In this project, I aim at simulating finite-sized particles following Newtonian mechanics with overlaps prohibited. To this end, I need to properly detect all inter-particle collisions, which inherently requires O(N_p^2) operations, where N_p is the number of particles. It is necessary to reduce this cost in order to handle, say, millions of particles.
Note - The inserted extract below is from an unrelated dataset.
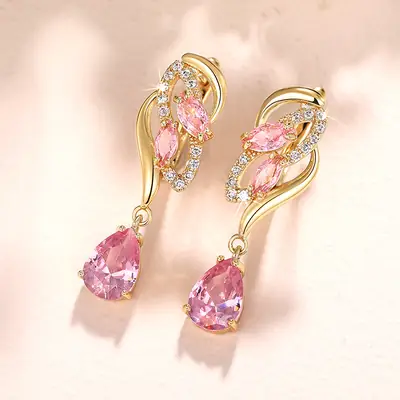 Birthstone Drop Earrings Pink Gold High End Luxury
  1. Event-driven approach

    One possible way to handle inter-particle interactions is to introduce repulsive forces between particles, such that they repel each other when too close. Each particle's motion is given by ordinary-differential equations, which can be solved by an appropriate time marcher (e.g., Runge-Kutta method). However, the repellent force is arbitrarily chosen and needs to be carefully designed. To address these issues, I adopt the so-called event-driven approach, which has a collision detection cost of O(N_p). Moreover, this is an ODE-free method, which eliminates the numerical errors of time-marching schemes.

  2. Cell method

    To only consider nearby particles, the domain is split into many cells using the so-called cell method. This reduces the cost to O(N_p^2 / N_c), where N_c is the number of cells. Since N_c can be chosen arbitrarily, the cost to detect collisions results in O(1). However, cell-particle events (particles passing through cell boundaries) also need to be considered. The cost to update events for each step remains O(1).

  3. Scheduler

    Events are queued separately for each cell, but fetching the latest event among all cells requires O(N_c) operations if implemented naively. To reduce this cost, a minimum binary heap with a cost of O(log N_c) is adopted.

  4. Local time

    Updating particle positions and velocities requires O(N_p) operations, and doing this process for each step is verbose. This is mitigated by introducing particle-based local time so that particles are only updated when they are involved.

Acknowledgement

I would like to thank Prof. Stefan Luding for a stimulating lecture in a JMBC course Particle-based modeling techniques.